One customer, Bakersfield native Michele Thorn, was sure to remind me of one thing: “Everyone in this town comes through here and has for a century, and you feel that each time you walk in,” she said, “the passage of one generation to the next.”

That sentiment was echoed by Luigi himself more than five decades prior. When asked what it’s like to see a son accompany his father into the bar for the first time, he said, “It’s kind of an occasion to serve them both a beer with the old man’s picture on the wall.”

On my way out, Valpredo waves me over. I trail behind him as he ducks through a small doorway behind the deli counter and temporarily disappears into a temperature-controlled storage room where boxes of imported wines and cheeses and San Pellegrinos are stacked floor to ceiling. He walks over to the corner of the area, slides back a trapdoor and somehow squeezes his 6-foot-plus frame down a steep and rickety set of stairs. 

I follow him to the basement. The floor above us creaks as customers shuffle across the old black linoleum, shiny from decades of use. 

“I hope they don’t cave in on us,” Valpredo jokes as he snaps an incandescent overhead bulb to life in the cramped, dusty space. He motions to the area where casks of homemade wine were stored during Prohibition.

“It’s pretty common knowledge they did what they had to do,” Valpredo says as he leans against a supporting beam half slumped over from the low clearance. “I don’t think my uncle or my grandfather ever had to serve time for it. But they pushed it. At least three times, Luigi was arrested or cited, maybe did a night, but he got through.”

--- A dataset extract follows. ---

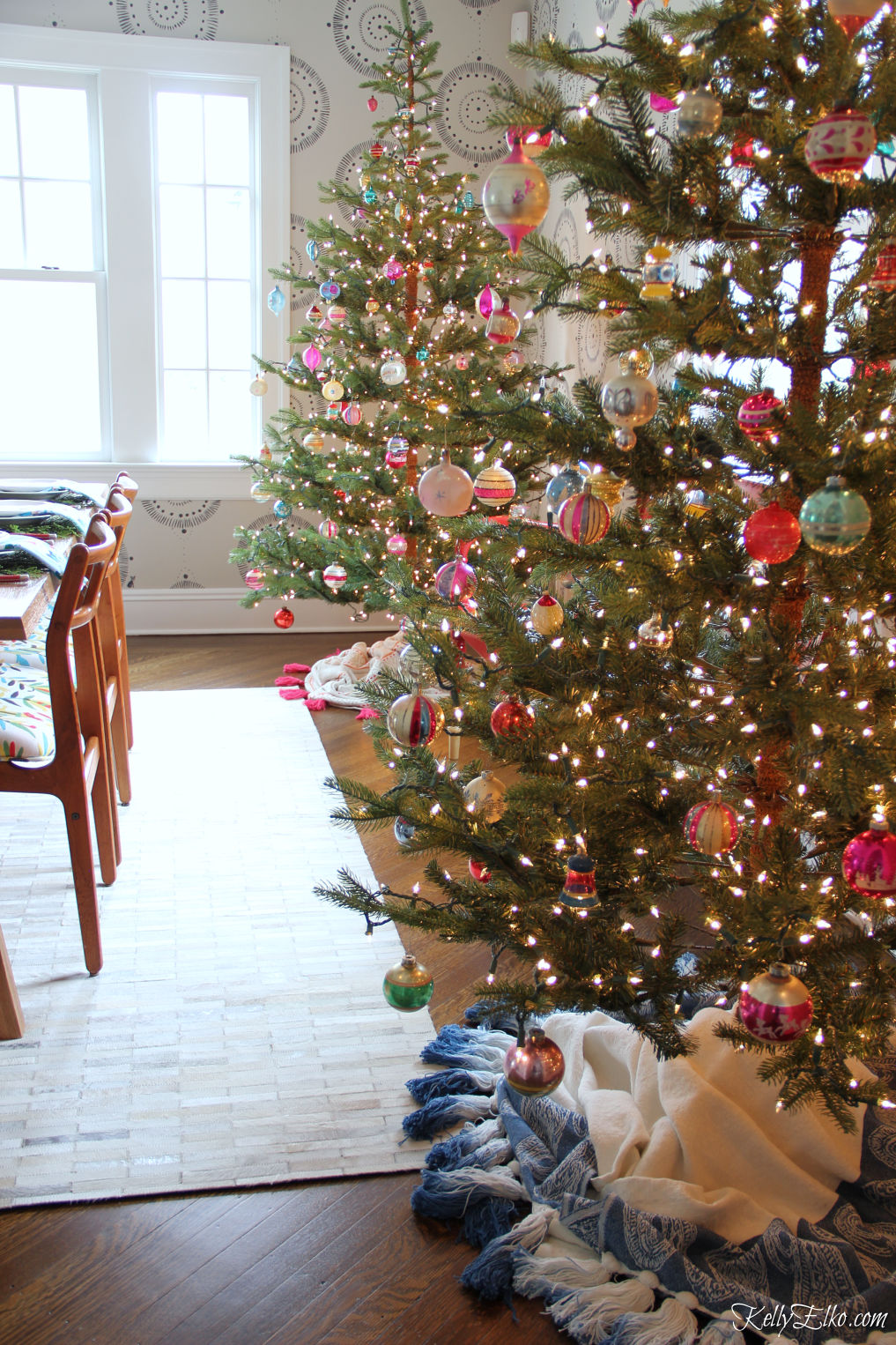 Love this pair of sparse Christmas trees filled with vintage Shiny Brites in this retro Christmas dining room kellyelko.com #christmasdecor #christmasdecorations #christmastrees #vintagechristmas #christmasornaments #shinybrites #retrochristmas #diytreeskirt #treeskirt #christmaslights #gofinding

On a whim, when Valpredo was younger, his uncle came down and drained all the old spigots from that era’s wine, which was probably vinegar by that time anyway, Valpredo says. “Still, what a thing to have.”

Surrounded by reminders of the past, Valpredo pauses and looks around. He says his four children are getting older, now aged 16-25, but he doesn’t want to speculate or speak for whether they’ll choose a path similar to his. The business is a crazy one, at times unrelenting, he says — and he’s good whether or not they become a part of it. 

Then he mentions Luigi. “I wish my grandfather was still alive,” he says, sharing the story of the fateful evening in 1989 that was Luigi’s last shift. “One day he left — walked out of here and went straight to the hospital and never made it out.”

General manager Lanette Caratan and her brother, owner Gino Valpredo, hold some of their branded wines inside their deli at Luigi's in Bakersfield, Calif., on April 1.

Once Valpredo and I got back up to the main floor, he walks me to the front door to bid me farewell. Between us, customers and employees do their dance in the grocery section. A pair of teenagers are there to pick up a few boxes of food. The bar is getting increasingly noisy. The back patio starts to fill up. A visiting college baseball team files into the restaurant; perhaps they’ll be on the wall someday too.

While Luigi’s stakes its reputation on consistency, Valpredo says changes both big and small are the real constant. 

“The town is changing,” he says, referencing the influx of new residents pouring into Bakersfield from other California metros. “We do have a lot of people who are leaving for good. But we also have new customers that we’re calling regulars. You miss some people, but you love to see new ones. There are also people coming into town — the demographics are shifting. I love when people come here from LA or SF and say, ‘Oh my God, this is a great find.’ It means everything.”